Frédéric Rouvillois en Historia del esnobismo (que en estos días llega a las librerías editado por Claridad) define con precisión su objeto de estudio:

El esnobismo no es simplemente la actitud que consiste en querer parecerse, por su nombre o su apariencia, sus gustos, sus opiniones o sus comportamientos, a los miembros de un grupo que se juzga superior. Es también, subsidiariamente, el hecho de permitirse despreciar a todos aquellos que no pertenecen al clan y que, por lo tanto, se pueden considerar gente común, retrasados, inferiores.
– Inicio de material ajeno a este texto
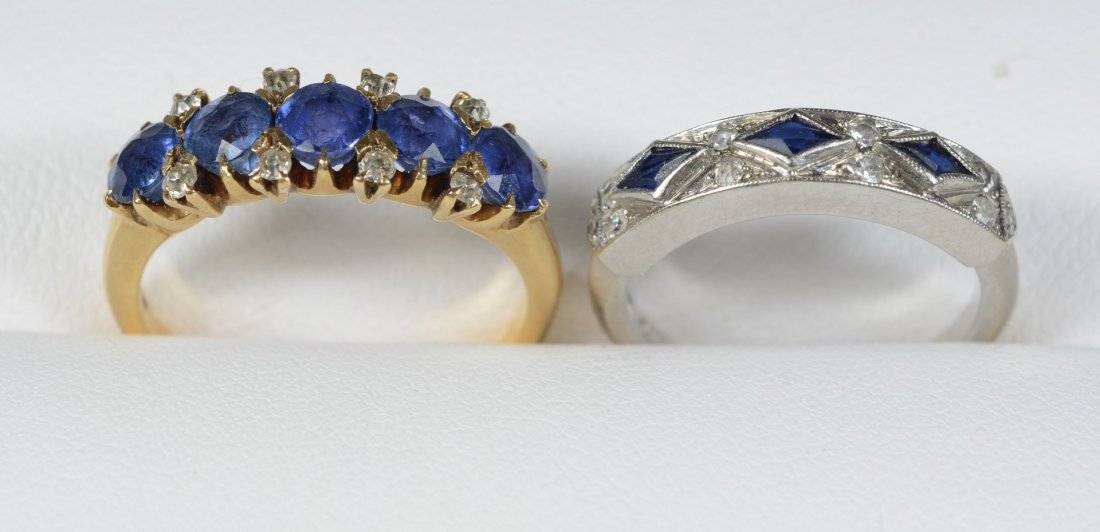 (2) 14K WG rings, each with small diamonds and blue: (2) 14K WG rings, each with small diamonds and blue stones, sizes 3 3/4 & 5 1/4, 3.0 dwt total weight
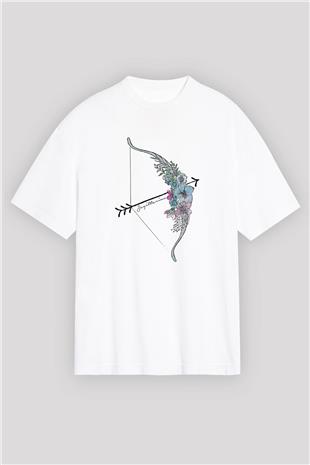 Yay Burcu Baskılı Beyaz Unisex Oversize Tişört - Tshirt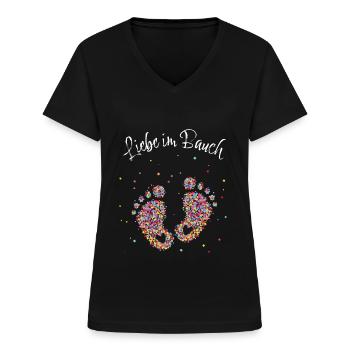 Schwangerschaft Verkünden werdende Mutter Geschenk - Frauen-T-Shirt mit V-Ausschnitt - Schwarz - Vorne - Lela (165cm)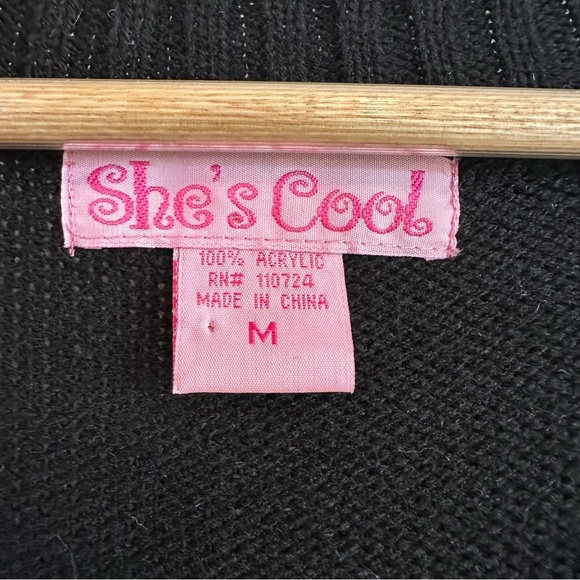 She’s Cool Y2K Knit Sweater Mini Dress. Size: Medium. Color: Black. - Picture 3 of 5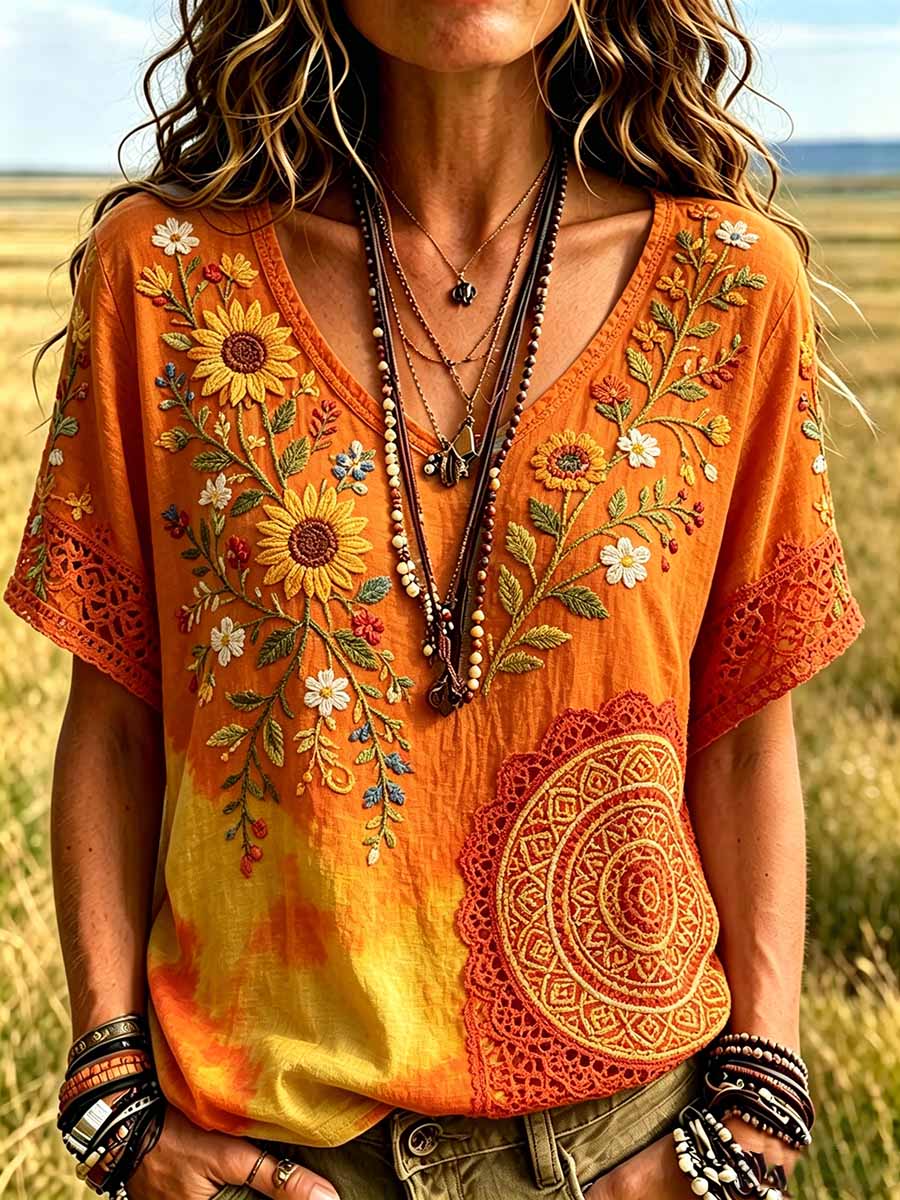 Women's Retro Hippie Pattern Print T-Shirt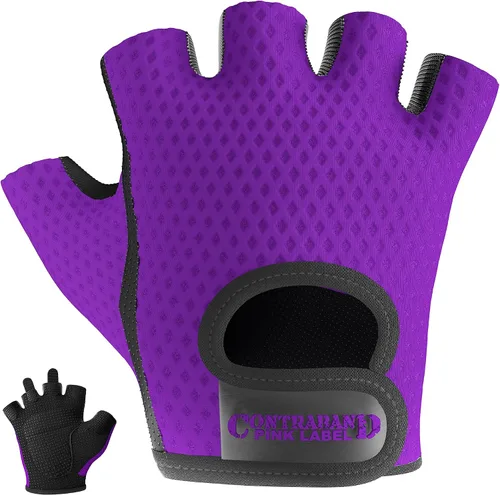Miniatura 8 de Contraband Pink Label 5307 Guantes de entrenamiento de diseñador para mujer Tela de malla de diamante de bajo sudor con palma de silicona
Antes de que la palabra esnob ( snob ) se difundiera en el siglo XIX, la conducta calificada de tal existía a la manera de una pasión que no osa decir su nombre. Los esnobs existieron en todas las épocas. Se los encuentra, por ejemplo, en la literatura clásica, en el Satiricón de Petronio. Pero también mucho antes y mucho después. ¿Acaso Monsieur Jourdain, el protagonista de El burgués gentilhombre , y las afectadas mujeres de Las preciosas ridículas , de Molière, en pleno siglo XVII, no estaban aquejados de esa ingrata, insalubre aspiración hacia todo lo alto e incomprensible? La etimología de snob se ha prestado a muchos debates. La versión más difundida, según Rouvillois, la hace remontar a la abreviación del latín sine nobilitas (sin nobleza), aplicada a los alumnos de los grandes colegios británicos que no formaban parte de la aristocracia. Figurar como sine nobilitas en un registro, al lado de duques, condes y marqueses (tan luego en Inglaterra, la tierra donde se humilla socialmente con más ahínco) debía de ser una marca de escarnio que impulsaría a cualquier sacrificio con tal de que ese hecho bochornoso no se notara. La mímesis, aunque imperfecta y angustiosa, era la única salida. William M. Thackeray popularizó el término en una serie de artículos, reunidos más tarde en Historia de los esnobs de Inglaterra , por el título de uno de ellos (1848), obra que terminaría por titularse El libro de los esnobs . Ocurrió lo que siempre pasa cuando alguien pone un nombre a algo, imaginario o real, que no lo tenía: uno comprende que está rodeado de esa entidad, inmerso en ella, más aún, que la cobija en la intimidad de la conciencia. Así todo el mundo descubrió que era esnob, aun los que lo negaban en público y acusaban de esa perversión vergonzosa a los demás, aun los que ni siquiera se atrevían a confesarse esa frivolidad en sus cuartos de puritanos.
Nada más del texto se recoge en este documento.